As a matter of fact the immigrants who have served and followed God’s way will be brought to God’s holy mountain and their worship will be accepted. More shockingly the eunuch’s who were cast aside in the law given Moses in Leviticus and summarized in Deuteronomy who keep God’s laws will be given a ‘monument and name better than sons and daughters. They will be given a place that will not be removed.
These words come as a shock. Isaiah concludes this section with no retreat language. “My house will be known as a house of prayer for all peoples, says the Lord who gathers Israel’s outcasts. I will gather still others to those I have already gathered.” The operative word is ALL.
Jesus confirms the breadth of God’s loving embrace in an encounter with a woman in a non-Jewish land.
While in the regions of Tyre and Sidon Jesus discovers his reputation still precedes him. A Syro-Phoenician woman comes to him with a mother’s plea for his help to cure her demon possessed daughter.
Initially, uncharacteristically Jesus is silent. His disciples know what to do they urge him to send her away with a W.C. Fields like “Go away. You’re bothering me.” Jesus does not do that. He explains that his mission is to the people he was born into.
In response, she humbles herself by kneeling and continues pleading. Jesus senses something. In an allusion to dogs he throws her a bone. When saying, “It is not right to take the children’s food and toss it to their dogs,” Jesus makes an interesting word choice. He uses the word designating house or pet dogs, not the pejorative used for street curs and strays.
What do we do with our pets? As a child I confess I had been known to slip food from our table and feed our pet dogs.
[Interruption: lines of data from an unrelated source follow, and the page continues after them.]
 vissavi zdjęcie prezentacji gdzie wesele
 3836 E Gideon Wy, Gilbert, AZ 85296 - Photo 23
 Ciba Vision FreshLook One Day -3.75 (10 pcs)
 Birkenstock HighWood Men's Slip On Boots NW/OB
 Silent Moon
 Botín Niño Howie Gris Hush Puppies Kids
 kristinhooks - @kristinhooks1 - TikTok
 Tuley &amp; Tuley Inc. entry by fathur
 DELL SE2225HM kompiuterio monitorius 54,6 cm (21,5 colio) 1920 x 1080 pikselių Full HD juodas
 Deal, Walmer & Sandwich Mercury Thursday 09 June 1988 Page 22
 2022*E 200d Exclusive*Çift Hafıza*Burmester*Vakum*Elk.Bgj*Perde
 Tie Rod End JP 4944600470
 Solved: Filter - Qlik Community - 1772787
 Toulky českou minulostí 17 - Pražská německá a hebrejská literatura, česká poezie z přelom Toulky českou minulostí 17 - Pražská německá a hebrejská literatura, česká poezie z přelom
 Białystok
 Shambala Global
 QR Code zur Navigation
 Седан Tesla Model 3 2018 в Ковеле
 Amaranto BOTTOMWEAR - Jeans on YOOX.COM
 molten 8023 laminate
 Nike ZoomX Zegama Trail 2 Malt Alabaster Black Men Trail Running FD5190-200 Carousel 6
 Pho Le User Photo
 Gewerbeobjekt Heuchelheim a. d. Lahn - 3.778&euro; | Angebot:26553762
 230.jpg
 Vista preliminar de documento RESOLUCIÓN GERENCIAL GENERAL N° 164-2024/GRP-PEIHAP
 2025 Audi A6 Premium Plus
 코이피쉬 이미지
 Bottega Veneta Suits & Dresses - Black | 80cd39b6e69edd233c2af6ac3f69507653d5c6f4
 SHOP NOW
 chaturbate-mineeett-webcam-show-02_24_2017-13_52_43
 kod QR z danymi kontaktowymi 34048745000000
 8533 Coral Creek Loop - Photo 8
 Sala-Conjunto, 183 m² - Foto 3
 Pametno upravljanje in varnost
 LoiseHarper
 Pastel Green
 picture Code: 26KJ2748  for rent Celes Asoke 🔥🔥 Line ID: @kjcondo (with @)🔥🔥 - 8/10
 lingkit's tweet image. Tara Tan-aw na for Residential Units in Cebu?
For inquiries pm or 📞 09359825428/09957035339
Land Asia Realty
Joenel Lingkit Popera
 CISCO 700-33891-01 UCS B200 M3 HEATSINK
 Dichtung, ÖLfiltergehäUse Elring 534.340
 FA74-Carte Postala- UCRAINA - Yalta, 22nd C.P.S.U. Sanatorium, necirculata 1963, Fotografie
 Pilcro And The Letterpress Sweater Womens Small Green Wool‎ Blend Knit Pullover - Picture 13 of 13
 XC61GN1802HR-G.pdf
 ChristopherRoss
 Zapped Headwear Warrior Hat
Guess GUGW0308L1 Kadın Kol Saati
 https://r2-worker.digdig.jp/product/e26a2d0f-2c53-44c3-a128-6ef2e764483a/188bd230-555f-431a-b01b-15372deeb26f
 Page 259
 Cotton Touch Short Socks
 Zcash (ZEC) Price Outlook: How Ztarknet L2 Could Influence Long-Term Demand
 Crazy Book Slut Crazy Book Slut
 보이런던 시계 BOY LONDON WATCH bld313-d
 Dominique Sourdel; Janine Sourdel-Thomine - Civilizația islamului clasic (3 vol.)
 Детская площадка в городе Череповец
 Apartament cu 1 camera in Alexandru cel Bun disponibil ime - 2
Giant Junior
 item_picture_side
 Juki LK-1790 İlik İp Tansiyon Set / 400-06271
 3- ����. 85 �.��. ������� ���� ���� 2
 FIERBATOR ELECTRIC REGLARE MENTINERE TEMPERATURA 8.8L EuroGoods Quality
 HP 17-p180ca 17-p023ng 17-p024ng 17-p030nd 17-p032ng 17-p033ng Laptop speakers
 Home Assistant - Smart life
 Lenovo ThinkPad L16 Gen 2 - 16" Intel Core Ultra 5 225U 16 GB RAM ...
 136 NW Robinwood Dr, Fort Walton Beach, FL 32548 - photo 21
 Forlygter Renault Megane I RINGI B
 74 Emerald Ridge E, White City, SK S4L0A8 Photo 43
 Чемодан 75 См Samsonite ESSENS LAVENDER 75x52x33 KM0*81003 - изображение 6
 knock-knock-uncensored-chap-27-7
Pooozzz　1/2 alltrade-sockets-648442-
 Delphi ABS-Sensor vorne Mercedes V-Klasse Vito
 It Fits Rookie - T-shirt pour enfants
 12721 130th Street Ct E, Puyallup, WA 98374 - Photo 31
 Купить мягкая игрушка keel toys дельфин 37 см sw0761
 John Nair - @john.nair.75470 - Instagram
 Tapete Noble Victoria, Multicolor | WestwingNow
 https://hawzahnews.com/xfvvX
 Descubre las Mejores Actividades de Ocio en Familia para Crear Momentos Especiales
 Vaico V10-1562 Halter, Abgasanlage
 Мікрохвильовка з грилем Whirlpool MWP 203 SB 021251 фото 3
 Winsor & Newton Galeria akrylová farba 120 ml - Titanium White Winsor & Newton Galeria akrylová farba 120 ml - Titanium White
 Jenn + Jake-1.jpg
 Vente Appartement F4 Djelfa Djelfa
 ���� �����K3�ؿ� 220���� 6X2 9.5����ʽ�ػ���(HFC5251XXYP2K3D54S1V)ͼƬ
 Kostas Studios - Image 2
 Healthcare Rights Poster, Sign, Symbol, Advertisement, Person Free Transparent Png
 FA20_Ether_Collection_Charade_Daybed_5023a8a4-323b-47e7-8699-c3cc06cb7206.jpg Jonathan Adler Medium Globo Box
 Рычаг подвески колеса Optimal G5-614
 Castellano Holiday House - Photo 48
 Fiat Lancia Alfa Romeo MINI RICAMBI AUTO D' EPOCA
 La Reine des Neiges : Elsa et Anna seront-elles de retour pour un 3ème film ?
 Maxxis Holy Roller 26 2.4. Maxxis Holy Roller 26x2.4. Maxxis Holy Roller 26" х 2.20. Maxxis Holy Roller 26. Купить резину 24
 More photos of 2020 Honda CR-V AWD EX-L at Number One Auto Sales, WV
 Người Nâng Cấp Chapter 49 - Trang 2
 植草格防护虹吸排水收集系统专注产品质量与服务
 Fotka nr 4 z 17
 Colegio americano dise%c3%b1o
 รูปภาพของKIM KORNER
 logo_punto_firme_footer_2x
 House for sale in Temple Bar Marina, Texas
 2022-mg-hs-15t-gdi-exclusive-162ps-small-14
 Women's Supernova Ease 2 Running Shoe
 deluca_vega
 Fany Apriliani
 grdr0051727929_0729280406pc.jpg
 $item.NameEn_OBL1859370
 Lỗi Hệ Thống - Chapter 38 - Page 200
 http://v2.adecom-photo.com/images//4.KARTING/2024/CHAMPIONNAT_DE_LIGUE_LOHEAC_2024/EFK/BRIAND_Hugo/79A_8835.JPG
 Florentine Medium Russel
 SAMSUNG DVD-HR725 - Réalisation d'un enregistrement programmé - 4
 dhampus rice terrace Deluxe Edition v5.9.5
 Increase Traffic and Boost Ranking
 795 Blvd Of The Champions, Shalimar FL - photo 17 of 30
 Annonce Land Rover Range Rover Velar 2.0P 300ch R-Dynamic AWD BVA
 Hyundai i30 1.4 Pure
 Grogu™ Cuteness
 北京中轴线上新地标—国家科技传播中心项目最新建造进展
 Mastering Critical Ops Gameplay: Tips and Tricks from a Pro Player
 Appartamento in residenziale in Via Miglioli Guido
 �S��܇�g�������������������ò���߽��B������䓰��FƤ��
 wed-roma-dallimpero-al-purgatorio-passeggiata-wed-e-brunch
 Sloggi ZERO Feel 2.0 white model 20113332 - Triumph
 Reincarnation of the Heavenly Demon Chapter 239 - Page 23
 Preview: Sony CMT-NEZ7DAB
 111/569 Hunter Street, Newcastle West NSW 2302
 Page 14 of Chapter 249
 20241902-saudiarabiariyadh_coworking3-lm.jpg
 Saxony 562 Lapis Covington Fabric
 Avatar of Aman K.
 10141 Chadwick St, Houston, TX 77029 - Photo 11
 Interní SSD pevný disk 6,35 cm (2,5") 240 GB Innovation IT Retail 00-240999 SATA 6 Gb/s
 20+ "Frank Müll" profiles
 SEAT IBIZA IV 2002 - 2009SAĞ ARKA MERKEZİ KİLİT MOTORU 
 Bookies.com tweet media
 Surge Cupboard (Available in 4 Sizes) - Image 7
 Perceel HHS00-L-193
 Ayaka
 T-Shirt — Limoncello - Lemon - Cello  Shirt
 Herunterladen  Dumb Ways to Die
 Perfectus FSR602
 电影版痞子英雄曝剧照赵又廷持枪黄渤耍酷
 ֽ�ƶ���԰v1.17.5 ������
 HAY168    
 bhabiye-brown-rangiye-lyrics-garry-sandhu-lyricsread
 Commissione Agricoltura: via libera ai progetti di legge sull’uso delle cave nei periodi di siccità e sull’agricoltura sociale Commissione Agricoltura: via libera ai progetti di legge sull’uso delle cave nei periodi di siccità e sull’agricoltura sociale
And even in households, that for pet’s health and children’s manners forbid such feeding, family dogs are not begrudged living by the motto of the comic strip dog Snoopy of Peanuts, “Anything that falls on the floor is legally mine.”
She picks up on this and cleverly notes that truth, “Your right, but even the little dogs get the crumbs that fall from their owner’s table.” Jesus acknowledging her great faith and announces, “Your request is granted.” Within an hour her daughter is healed.
We see Jesus, traveling away from the demands and plots in his earthly homeland to be alone with his disciples to prepare them for things that are coming, step out of the comfort zone of his disciples and take time from his plan to respond to this unnamed woman, much as he had cured a Roman centurion’s servant who had come for help earlier.
The disciples in those two incidents witness God’s love extending to an agent of foreign occupation and to a foreign resident of a territory they were passing through. The disciples will be given the clearest awareness of how inclusive God is in the providing help and providing an invitation for salvation after the resurrection when Jesus commissions them to “Go therefore and make disciples of all nations.”
In the news and public affairs opinion programming there is strong encouragement to confront and demonize the other as ‘those’ people. A couple of months ago I saw a news article. A late night host had President Trump on. There was “How could you?” complaints. The host replied “I did not mean to de-demonize him.” Demonizing was out in the open as the thing to do with those we disagree. God through Jesus and prophets like Isaiah move us to a course correction that reminds us the call is to serve God by encountering the other as ‘these’ people created by God and also met by God through Jesus who comes well before we can be seen as ‘worthy’ people. What a refreshing breeze to enjoy and follow is provided by our maker, redeemer, and strength this morning. Amen.